> EXERCISE REQUIREMENTS
What should be copied is the stretch of entries below from the line with "Een behouden glas-in-loodraam" up to and including the line with "BMW 5 Series — миниатюра 21", exactly and without images.

> AVAILABLE DATA
☆ ☆ ☆ ☆
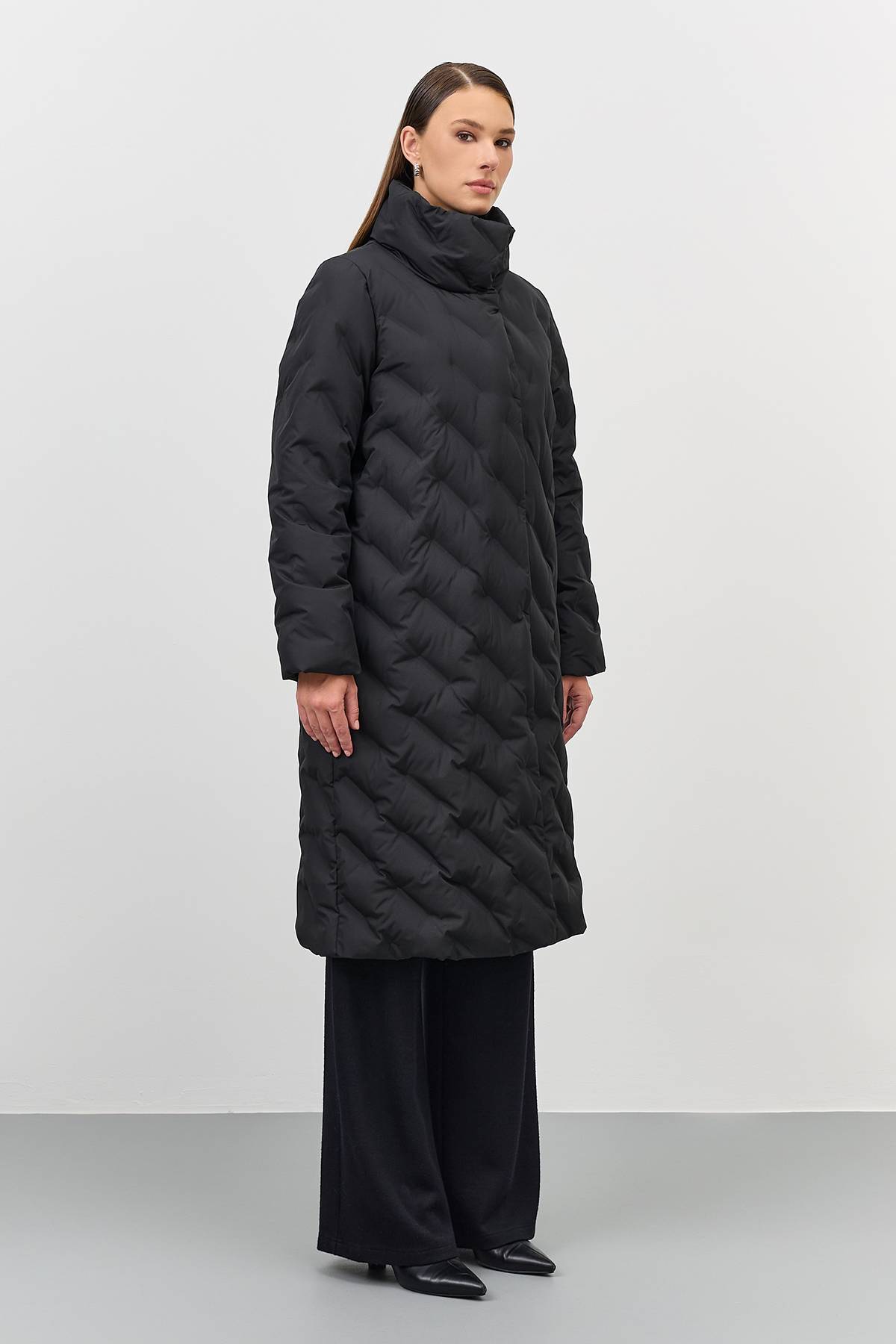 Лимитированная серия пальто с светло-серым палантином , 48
☆ ☆ ☆ ☆
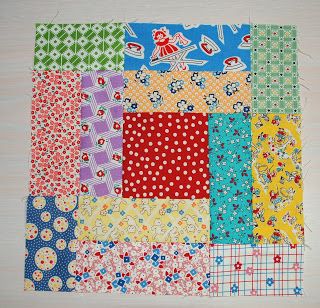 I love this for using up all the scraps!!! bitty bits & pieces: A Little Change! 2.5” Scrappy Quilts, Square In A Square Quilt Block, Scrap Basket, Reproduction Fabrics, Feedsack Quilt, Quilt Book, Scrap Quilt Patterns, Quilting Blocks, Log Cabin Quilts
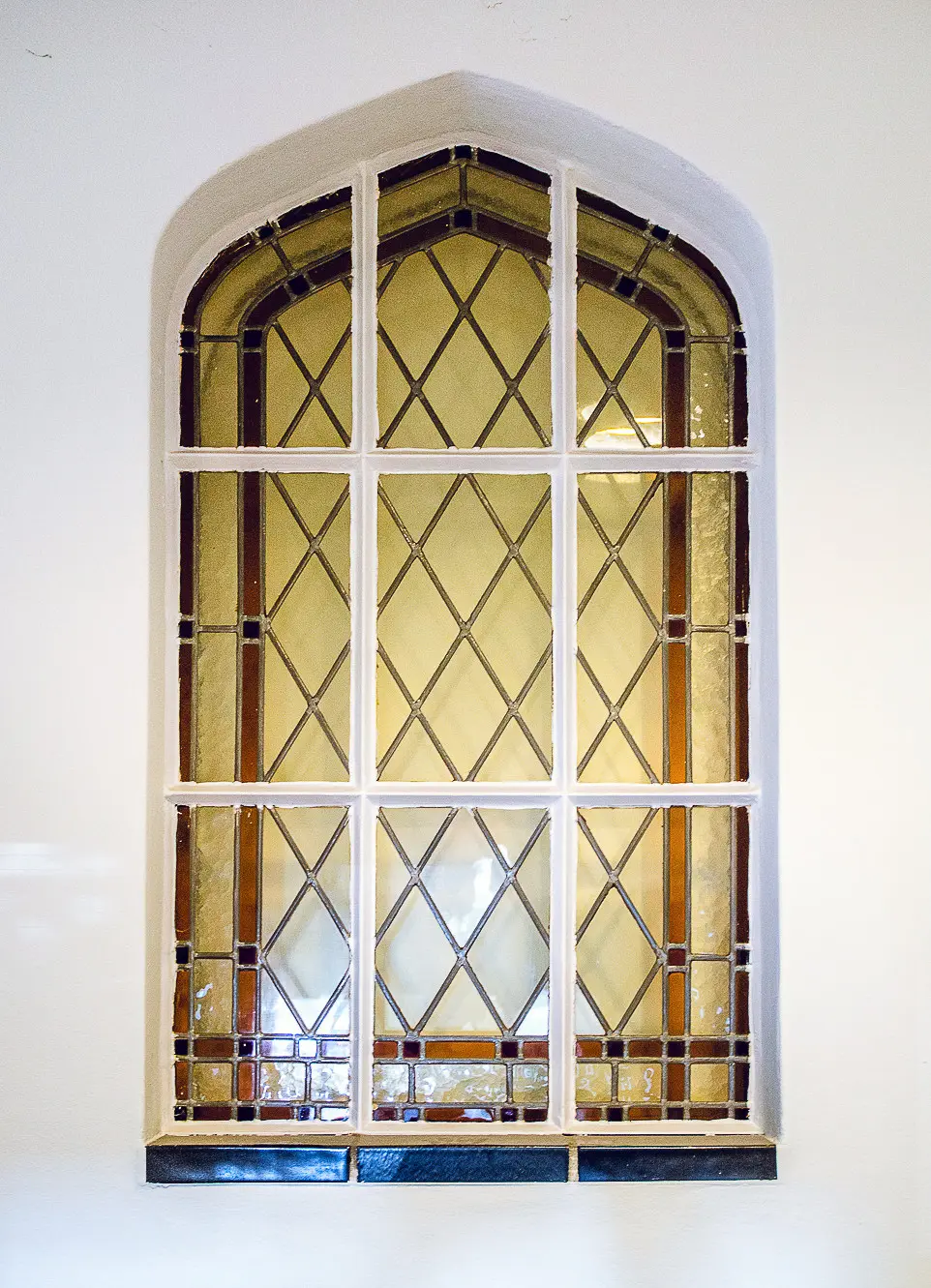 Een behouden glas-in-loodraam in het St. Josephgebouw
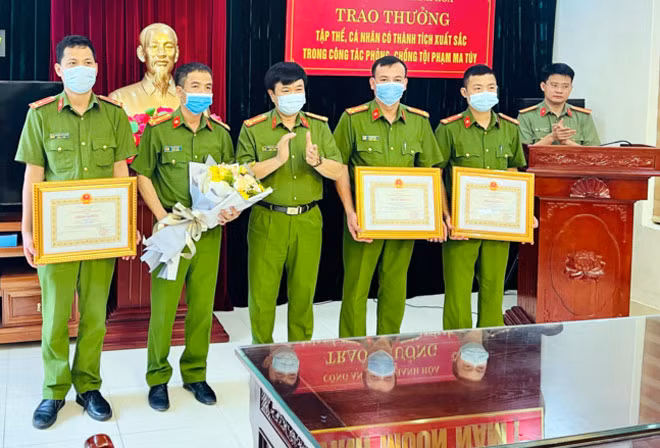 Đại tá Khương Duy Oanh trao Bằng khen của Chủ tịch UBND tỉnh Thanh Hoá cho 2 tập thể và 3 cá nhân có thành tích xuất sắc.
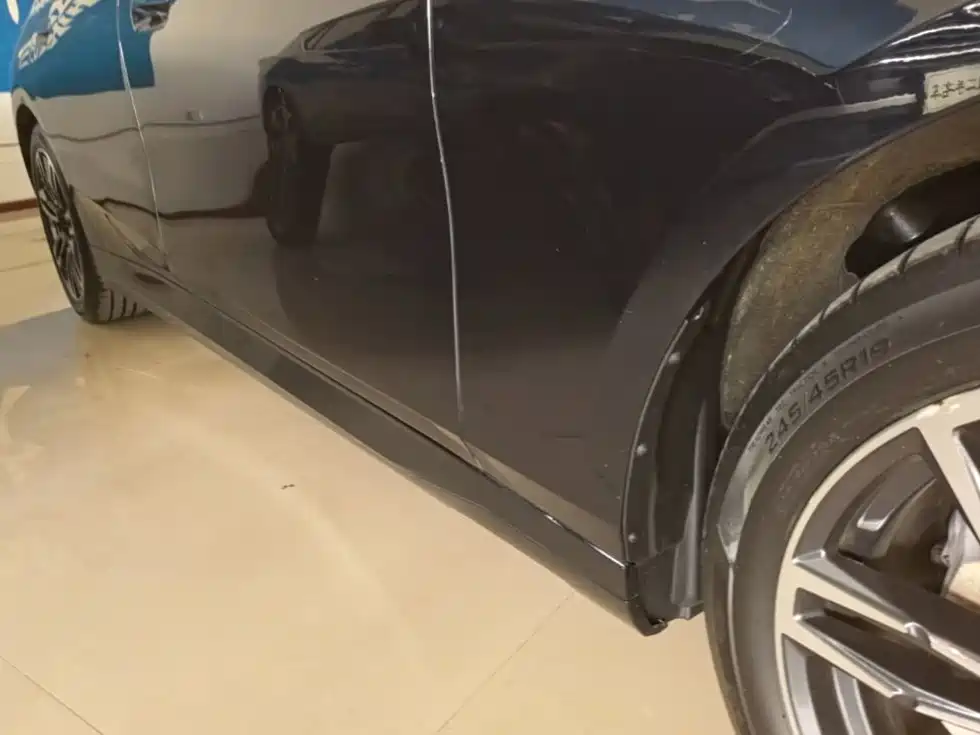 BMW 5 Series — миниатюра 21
☆ ☆ ☆ ☆
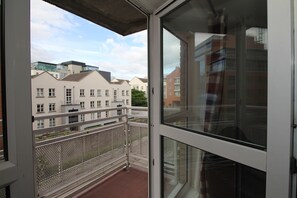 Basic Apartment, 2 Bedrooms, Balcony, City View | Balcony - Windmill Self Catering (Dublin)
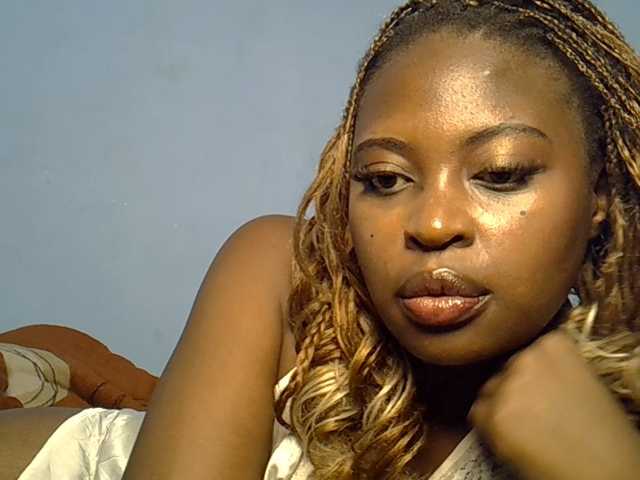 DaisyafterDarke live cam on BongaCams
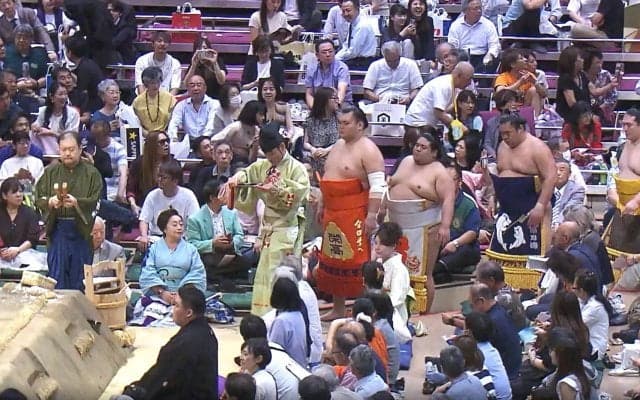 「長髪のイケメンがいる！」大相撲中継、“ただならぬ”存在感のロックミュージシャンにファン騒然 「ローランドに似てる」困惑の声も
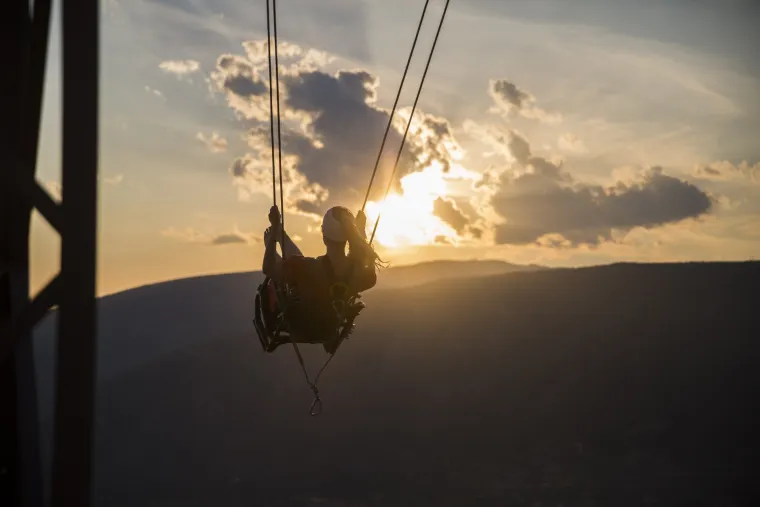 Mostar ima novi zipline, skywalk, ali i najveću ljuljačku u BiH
☆ ☆ ☆ ☆
> RESPONSE FOR THIS EXERCISE
 Een behouden glas-in-loodraam in het St. Josephgebouw
 Đại tá Khương Duy Oanh trao Bằng khen của Chủ tịch UBND tỉnh Thanh Hoá cho 2 tập thể và 3 cá nhân có thành tích xuất sắc.
 BMW 5 Series — миниатюра 21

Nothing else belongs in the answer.